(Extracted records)
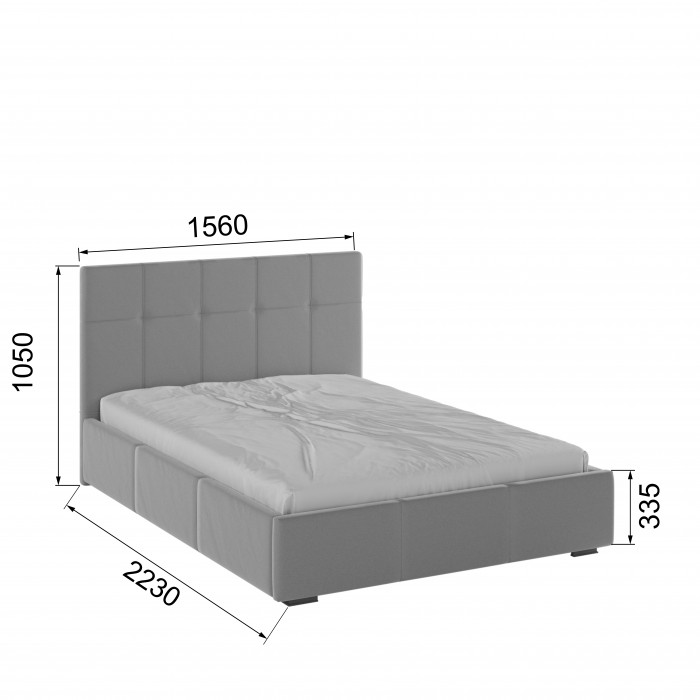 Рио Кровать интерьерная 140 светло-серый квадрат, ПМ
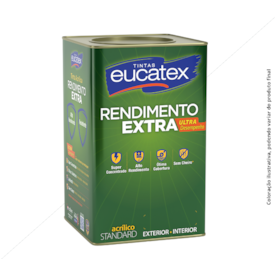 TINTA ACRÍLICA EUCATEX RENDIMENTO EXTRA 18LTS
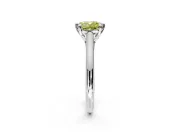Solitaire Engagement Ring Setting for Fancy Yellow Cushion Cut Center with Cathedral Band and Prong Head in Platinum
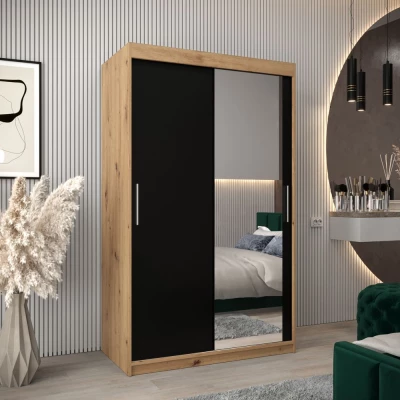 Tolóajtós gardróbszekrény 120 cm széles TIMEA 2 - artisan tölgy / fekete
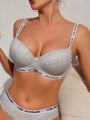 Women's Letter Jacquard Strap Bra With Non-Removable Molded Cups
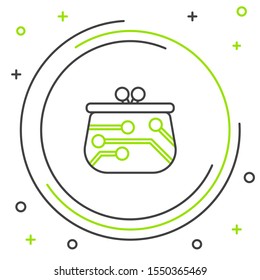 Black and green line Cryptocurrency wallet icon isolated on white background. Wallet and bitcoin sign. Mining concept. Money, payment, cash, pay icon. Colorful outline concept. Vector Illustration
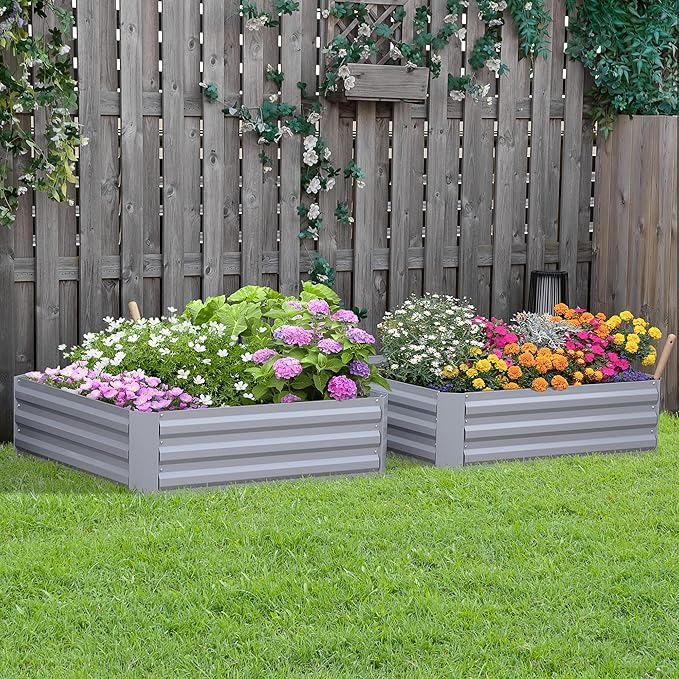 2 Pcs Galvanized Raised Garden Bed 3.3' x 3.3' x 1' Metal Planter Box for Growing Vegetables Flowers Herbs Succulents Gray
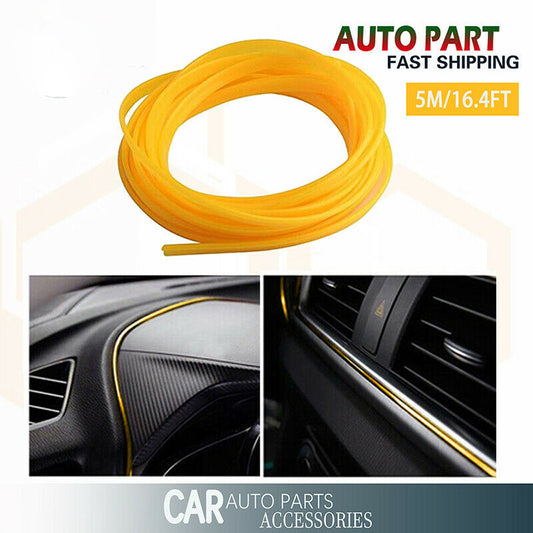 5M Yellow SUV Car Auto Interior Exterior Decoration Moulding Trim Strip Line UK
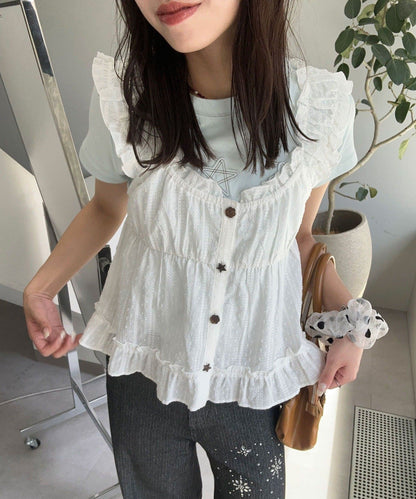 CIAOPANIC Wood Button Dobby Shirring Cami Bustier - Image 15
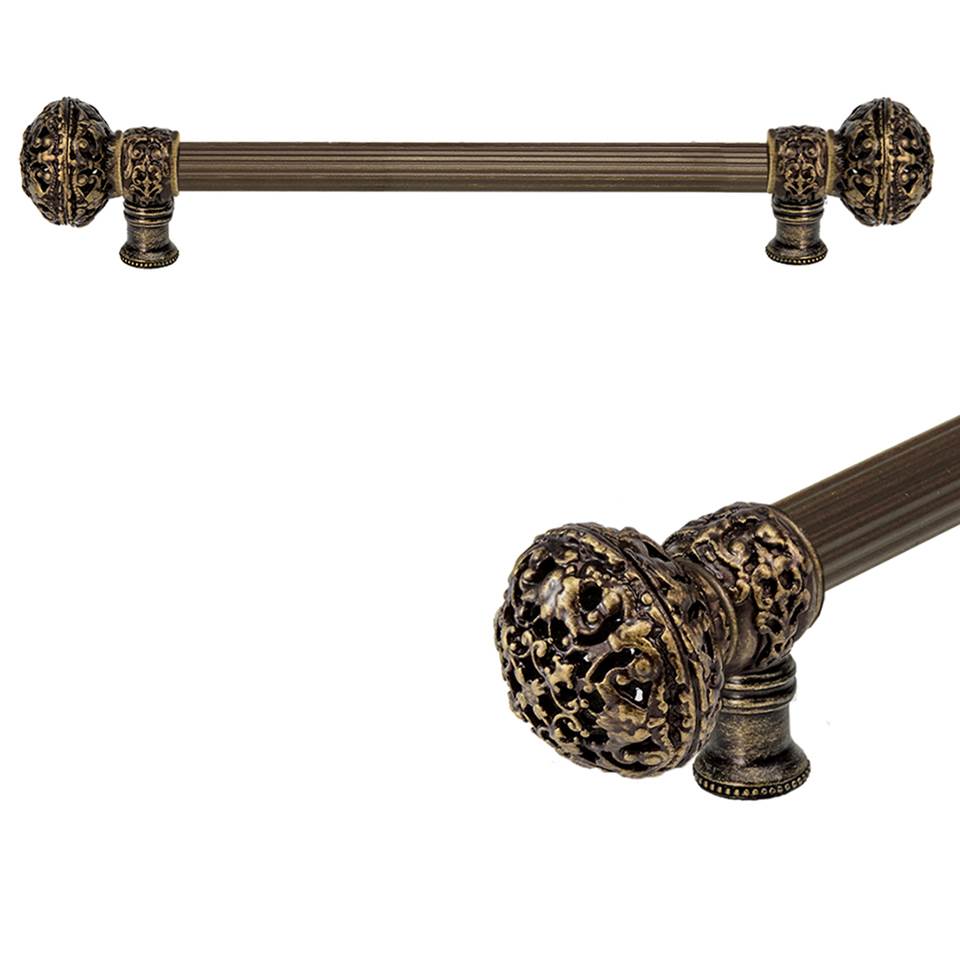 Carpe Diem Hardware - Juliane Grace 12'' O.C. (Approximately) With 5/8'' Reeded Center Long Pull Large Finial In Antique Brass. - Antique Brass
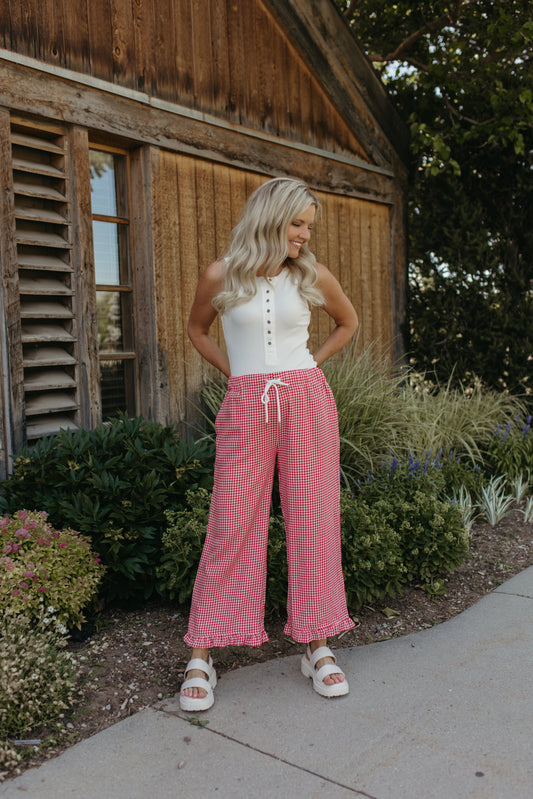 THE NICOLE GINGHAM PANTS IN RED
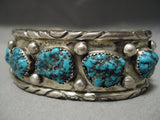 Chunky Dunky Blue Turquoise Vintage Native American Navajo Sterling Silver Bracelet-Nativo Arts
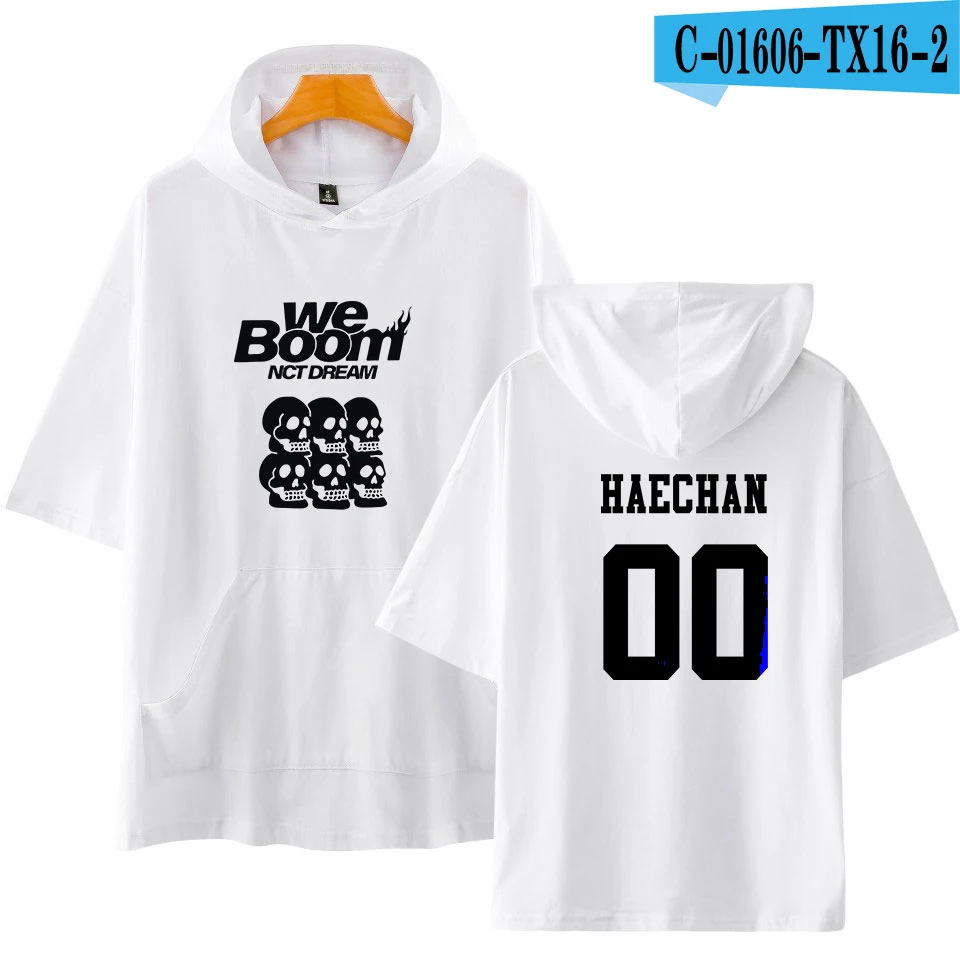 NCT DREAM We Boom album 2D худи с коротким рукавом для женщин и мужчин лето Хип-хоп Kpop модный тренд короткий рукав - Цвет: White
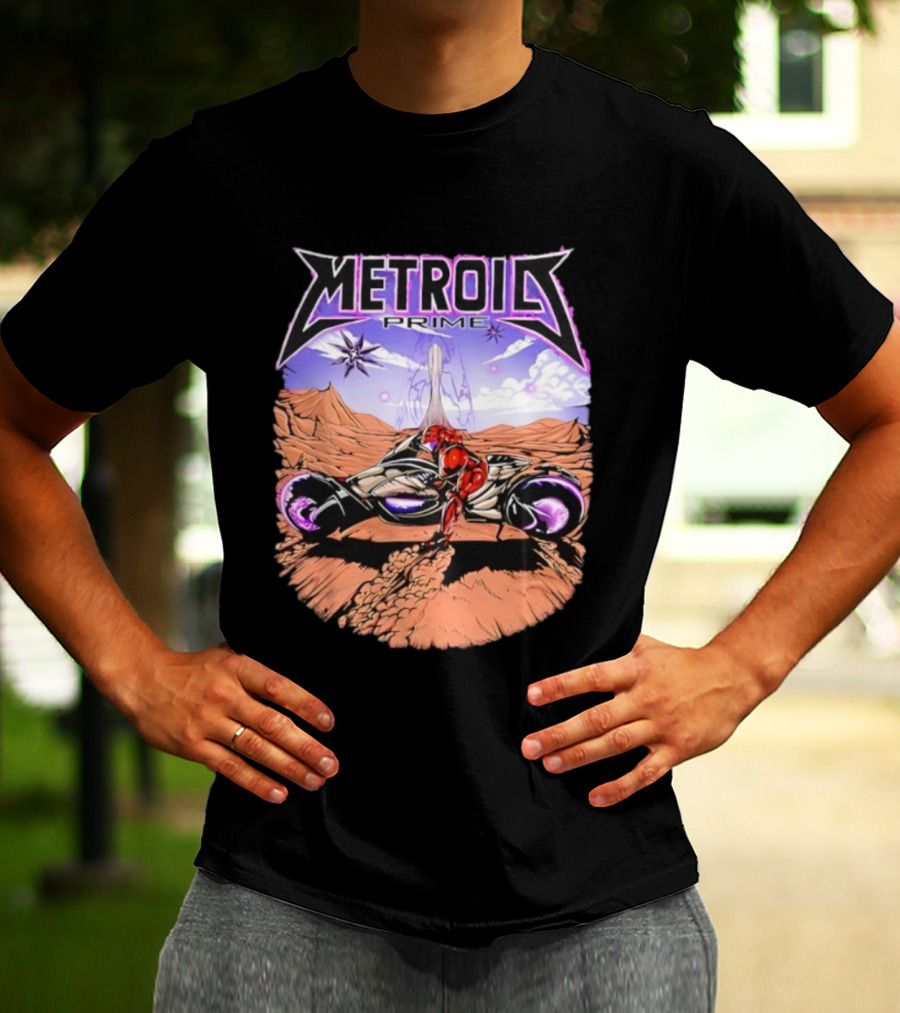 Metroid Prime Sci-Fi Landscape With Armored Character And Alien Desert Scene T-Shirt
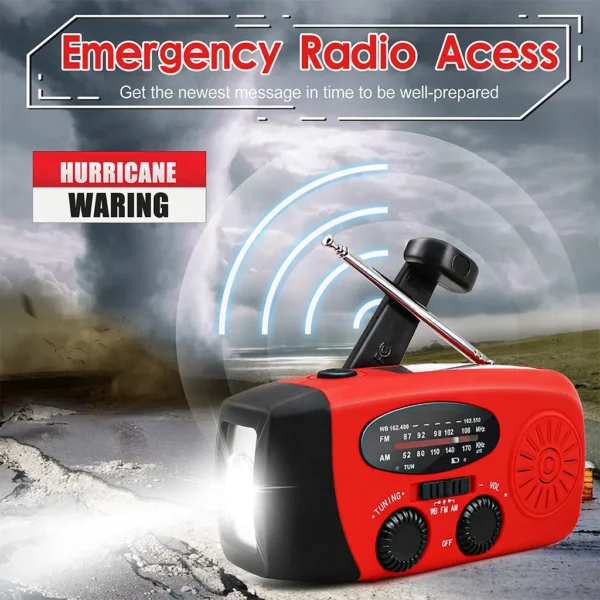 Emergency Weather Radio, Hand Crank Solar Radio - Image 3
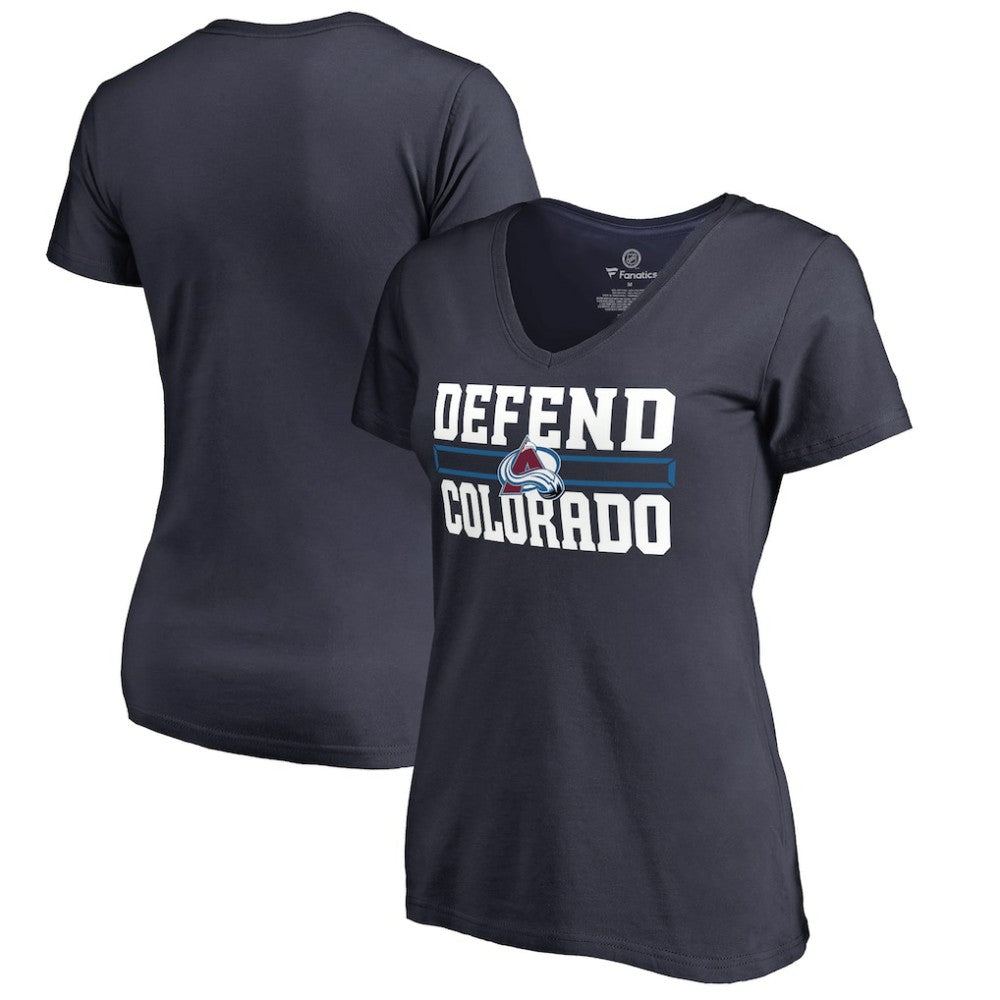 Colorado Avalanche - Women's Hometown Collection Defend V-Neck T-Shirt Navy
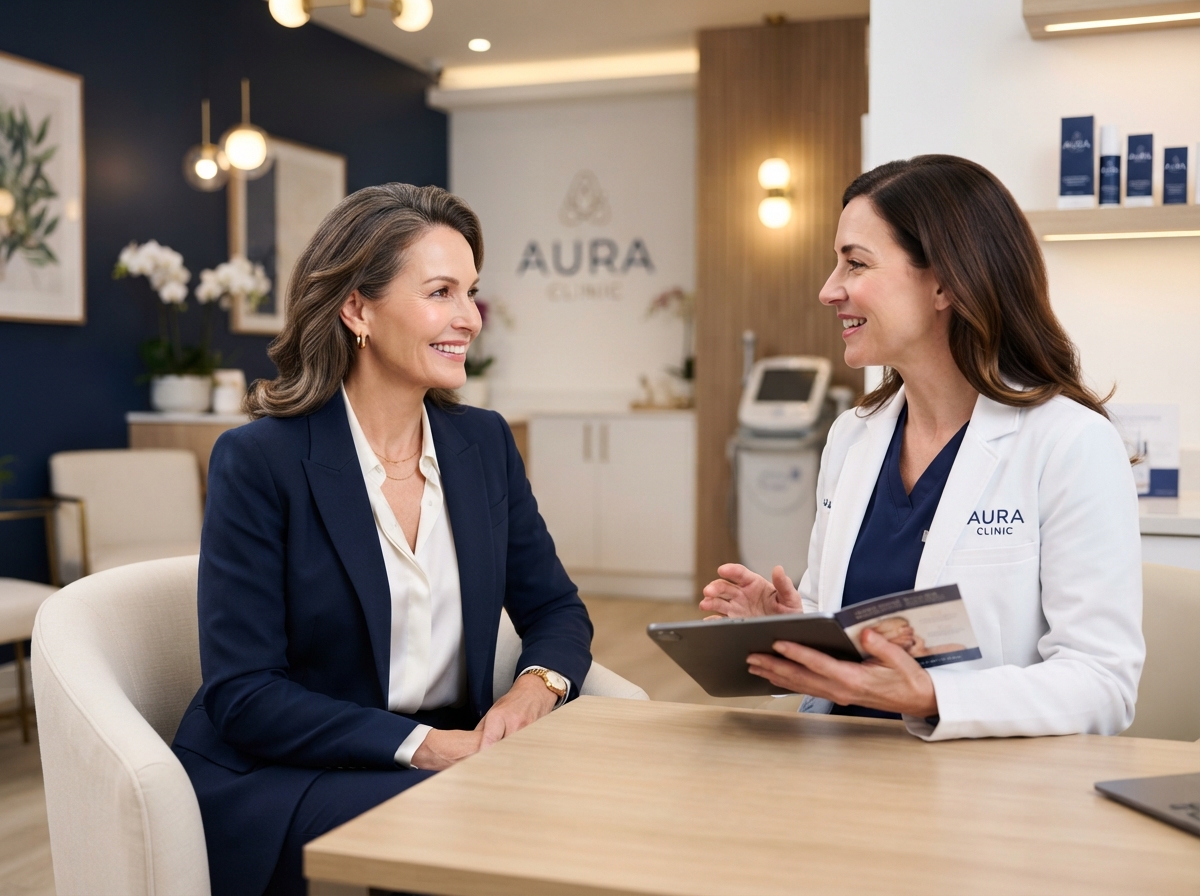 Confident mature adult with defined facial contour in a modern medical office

■ Problem statement: All that is wanted is an exact copy of the lines from the line bearing "Metroid Prime Sci-Fi" through the final line of the entries, including both ends but no pictures.

■ Completed exercise:
 Metroid Prime Sci-Fi Landscape With Armored Character And Alien Desert Scene T-Shirt
 Emergency Weather Radio, Hand Crank Solar Radio - Image 3
 Colorado Avalanche - Women's Hometown Collection Defend V-Neck T-Shirt Navy
 Confident mature adult with defined facial contour in a modern medical office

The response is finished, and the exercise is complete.